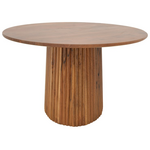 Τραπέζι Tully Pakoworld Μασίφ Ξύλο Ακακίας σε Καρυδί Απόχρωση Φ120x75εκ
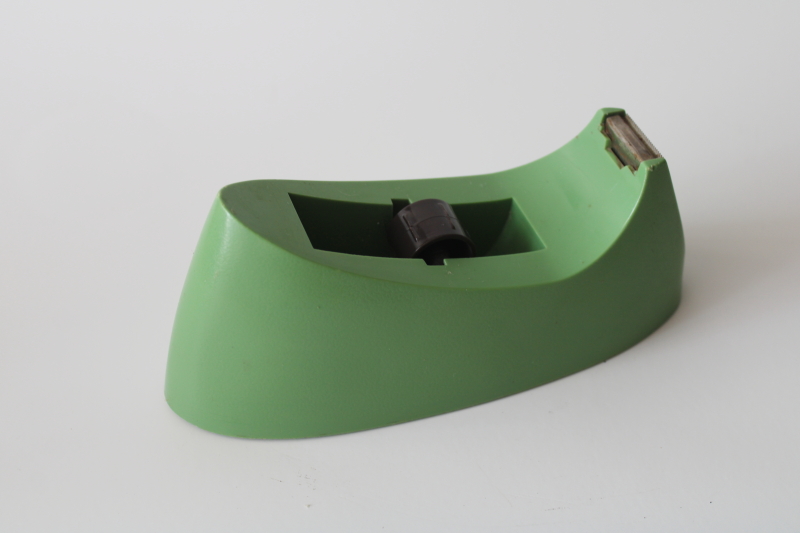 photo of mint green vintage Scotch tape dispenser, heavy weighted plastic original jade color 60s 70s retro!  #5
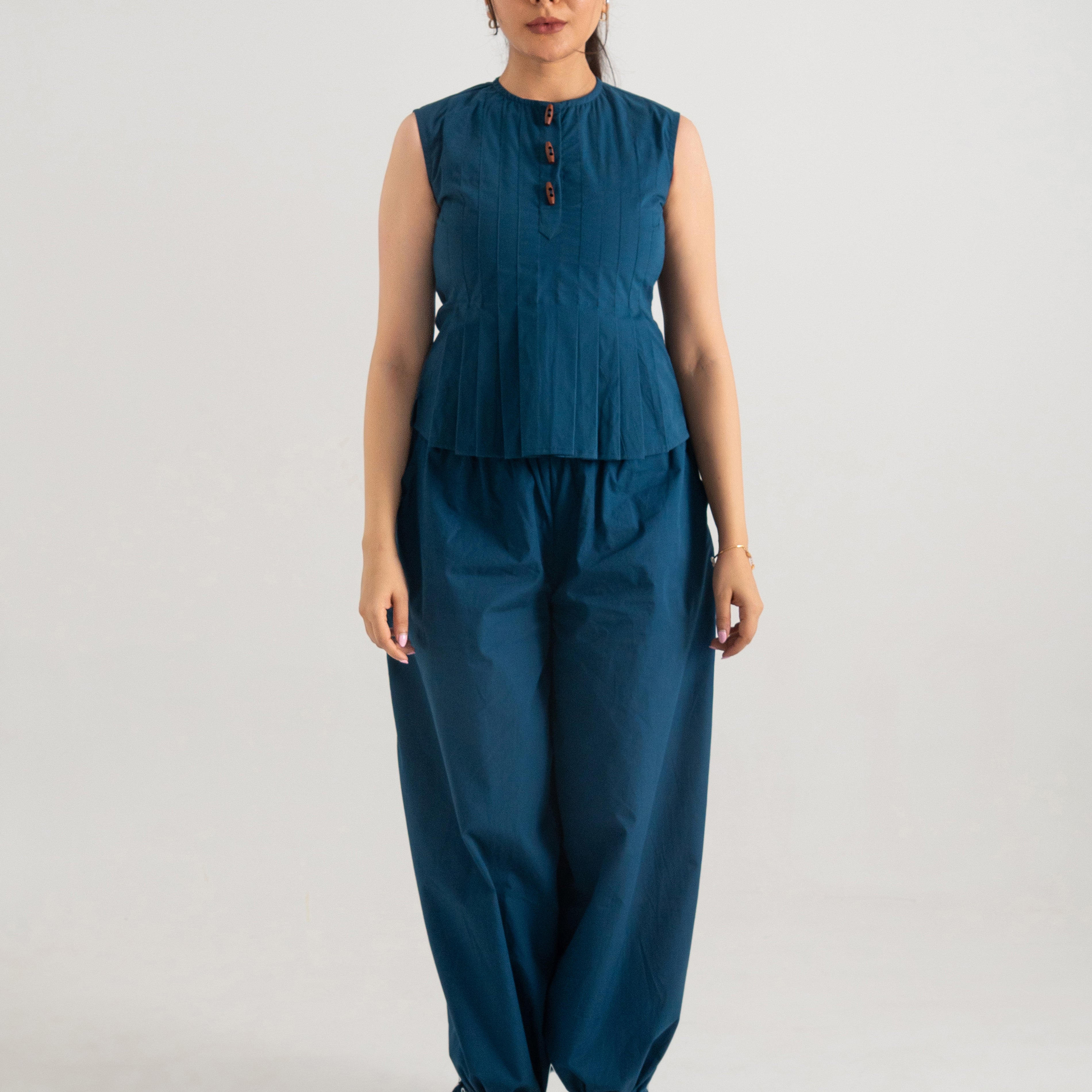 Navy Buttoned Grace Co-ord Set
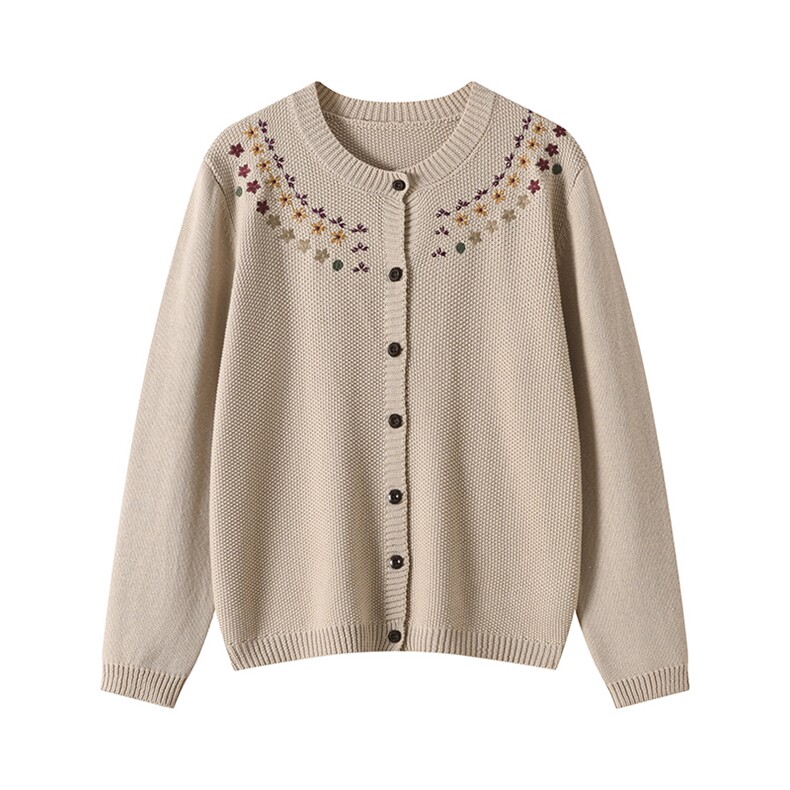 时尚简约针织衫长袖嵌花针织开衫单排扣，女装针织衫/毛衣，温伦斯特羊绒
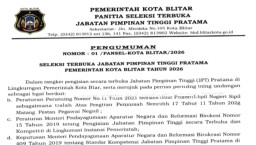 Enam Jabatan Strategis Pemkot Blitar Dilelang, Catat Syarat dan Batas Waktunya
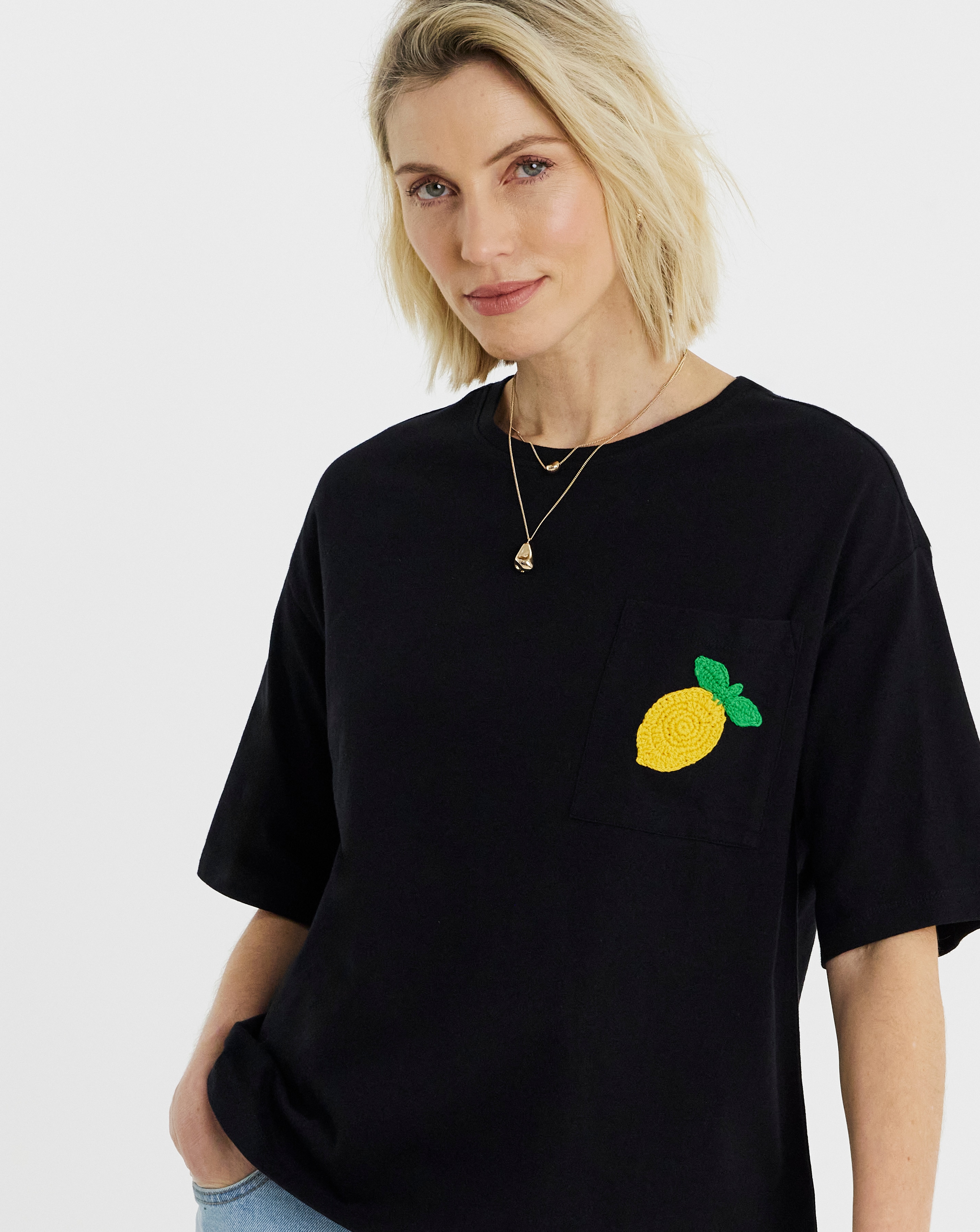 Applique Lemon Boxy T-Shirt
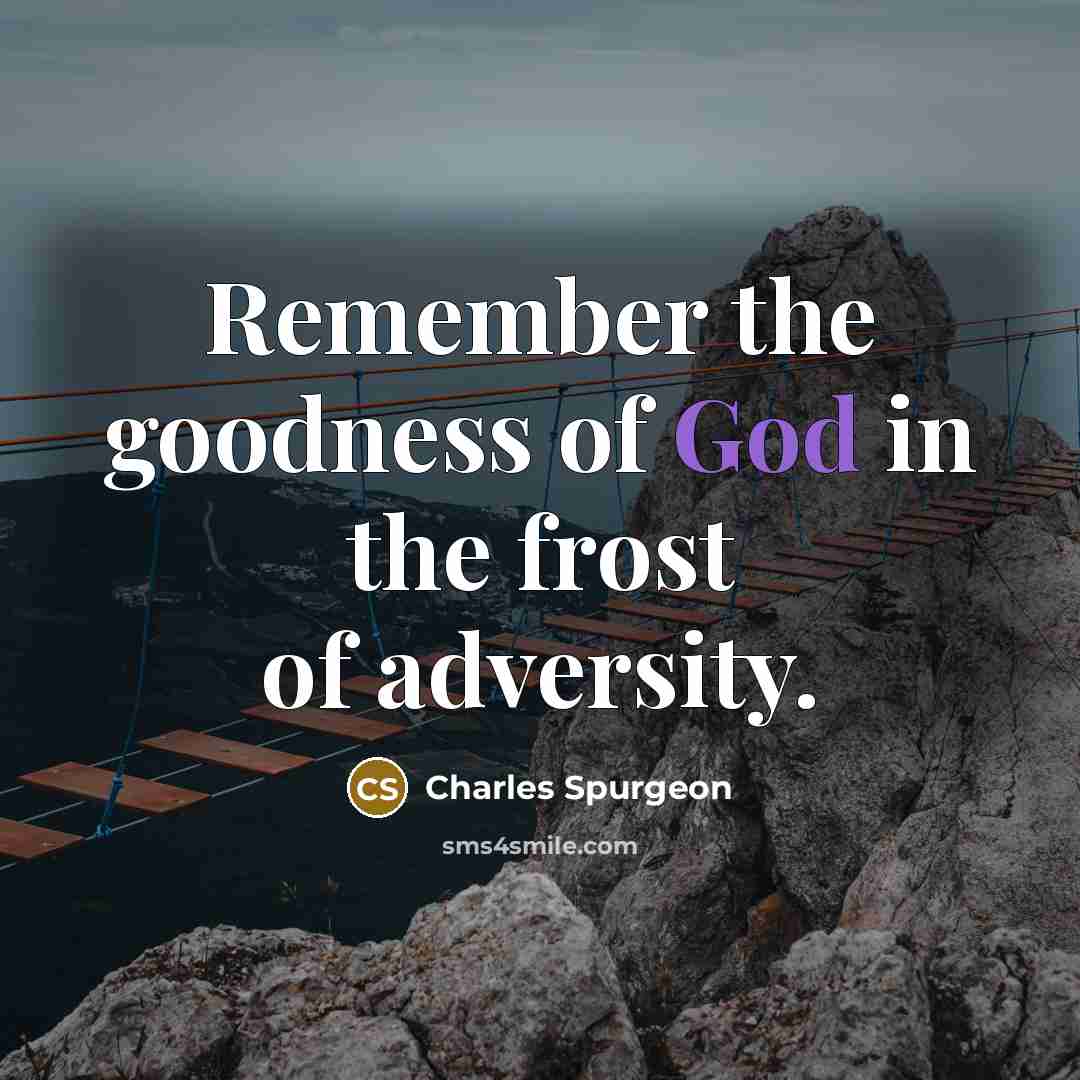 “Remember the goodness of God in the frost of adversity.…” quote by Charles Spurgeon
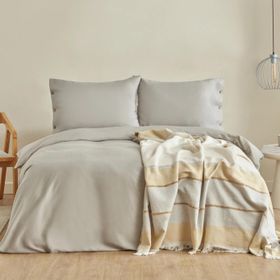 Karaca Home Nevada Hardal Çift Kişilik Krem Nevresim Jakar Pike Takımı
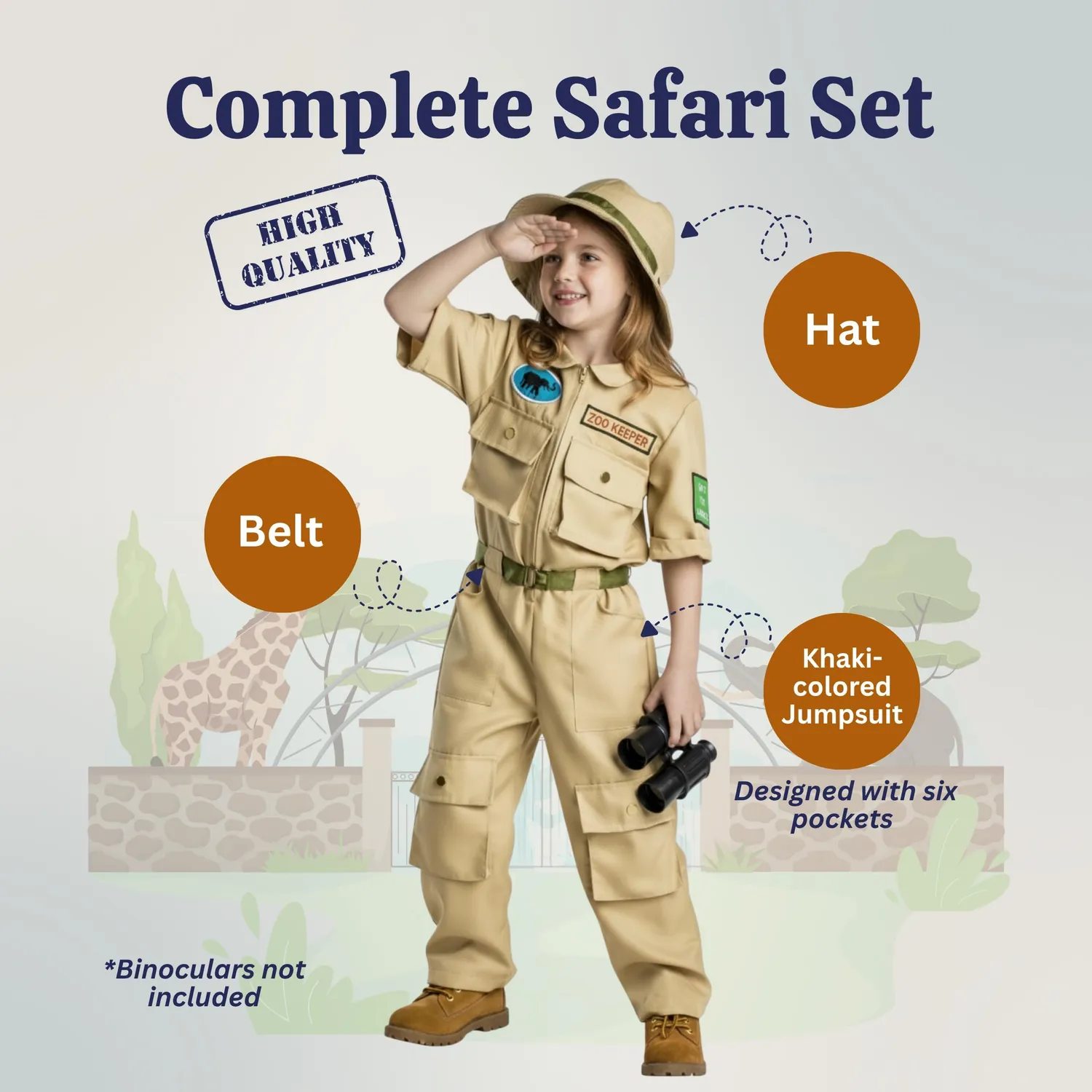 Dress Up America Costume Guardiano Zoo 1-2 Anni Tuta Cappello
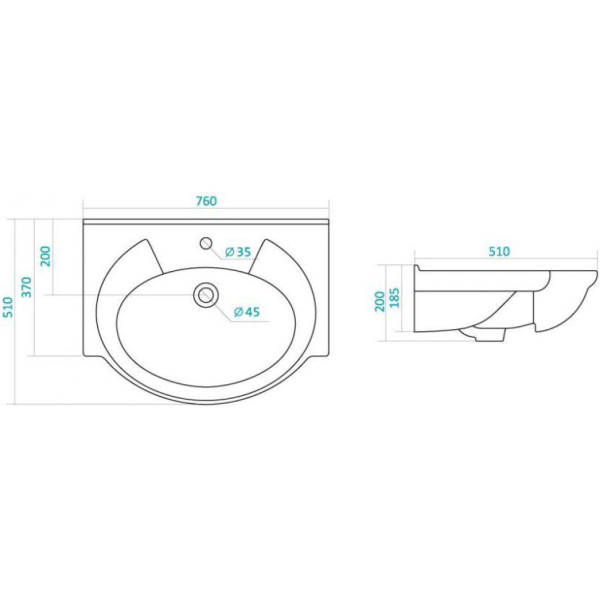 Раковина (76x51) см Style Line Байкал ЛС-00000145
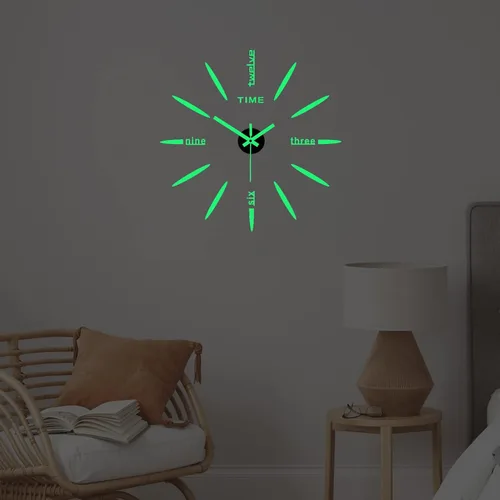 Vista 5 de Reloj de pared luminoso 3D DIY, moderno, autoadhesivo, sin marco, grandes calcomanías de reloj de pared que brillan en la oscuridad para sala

• • • • •

For the data above, set down exactly the lines from the line with "Navy Buttoned Grace Co-ord Set" to the line with "by Charles Spurgeon", both included, leaving pictures out.

 Navy Buttoned Grace Co-ord Set
 时尚简约针织衫长袖嵌花针织开衫单排扣，女装针织衫/毛衣，温伦斯特羊绒
 Enam Jabatan Strategis Pemkot Blitar Dilelang, Catat Syarat dan Batas Waktunya
 Applique Lemon Boxy T-Shirt
 “Remember the goodness of God in the frost of adversity.…” quote by Charles Spurgeon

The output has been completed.